Importantly, even if an initial response to targeted therapies is successfully obtained, it is likely that the majority of tumours will at some later point acquire resistance to therapy, and become refractory to treatment [128]. This can either be a result of the acquisition of additional mutations or alternatively arise from the outgrowth of a resistant sub-clone already present in the tumour cell population. In the clinic this has been exemplified by tumours that acquire mutations of BCR-ABL, KIT, PDGFR and EGFR during treatment, where the mutated proteins are no longer susceptible to inhibition by the targeted agent, but retain enzymatic activity and the ability to promote cell growth and survival [141,142]. As PI3K inhibitors progress through the clinic it is possible that acquired resistance may also become a factor. Zunder and colleagues have addressed this issue using a S. cerevisiae screen against a structurally diverse panel of PI3K inhibitors [143]. They identified a potential hotspot for resistance mutations (PIK3CAI800) and a drug-sensitizing mutation (PIK3CAL814C). Resistance to small molecule inhibitors of protein kinases can occur as a result of mutations at one particular position in the active site. This mutated residue is known as the gatekeeper because it controls access to a large hydrophobic pocket in which most protein kinase inhibitors bind, and mutations of this type have now been reported for a number of protein kinases. In the case of EGFR, the gatekeeper mutated proteins retain receptor tyrosine kinase activity, but do not bind the EGFR inhibitor [141]. Importantly, the screen of Zunder et al. did not reveal resistance mutations at the gatekeeper residue and, in fact, these were unlikely to occur with PI3K inhibitors as introduction of gatekeeper mutations into PIK3CA resulted in a loss of enzymatic activity. Thus, the induction of resistance to PI3K inhibitors by this mechanism may be less likely than is the case for many protein kinase inhibitors.

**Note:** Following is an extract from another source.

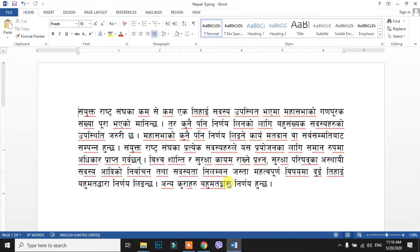Hello, welcome to the Nifty Beat channel. This is the next video of the Microsoft Word file tab series.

In summary, predictive biomarkers are now emerging that will help us to select patients that are more sensitive to PI3K inhibition. It is already clear that sensitivity and resistance is multifactorial and that the biomarkers already identified, including phosphorylation of PI3K pathway substrates, PIK3CA mutation, wild type KRAS and BRAF, loss of PTEN expression, HER2/ERBB2 amplification, and gene expression signatures, should be seen as useful enrichment biomarkers rather thantruly predictive biomarkers at this time [3,108]. There are likely to be confounding molecular factors affecting sensitivity and resistance in cancer cells and in addition the effects of PI3K inhibitors on processes such as angiogenesis and the tumour microenvironment are also likely to be important and contribute to therapeutic activity. The particular tumour type context and the particular isoform selectivity profile of the individual agent may well be important. Continuing research is needed to fully define, scientifically and technically validate, and clinically qualify the predictive biomarkers needed for eventual patient stratification in the event that PI3K inhibitors receive regulatory approval.

CLINICAL TRIALS IN CANCER

A number of class I and dual class I/mTOR inhibitors have now entered clinical trial [144]. In this section we provide an update on the current status.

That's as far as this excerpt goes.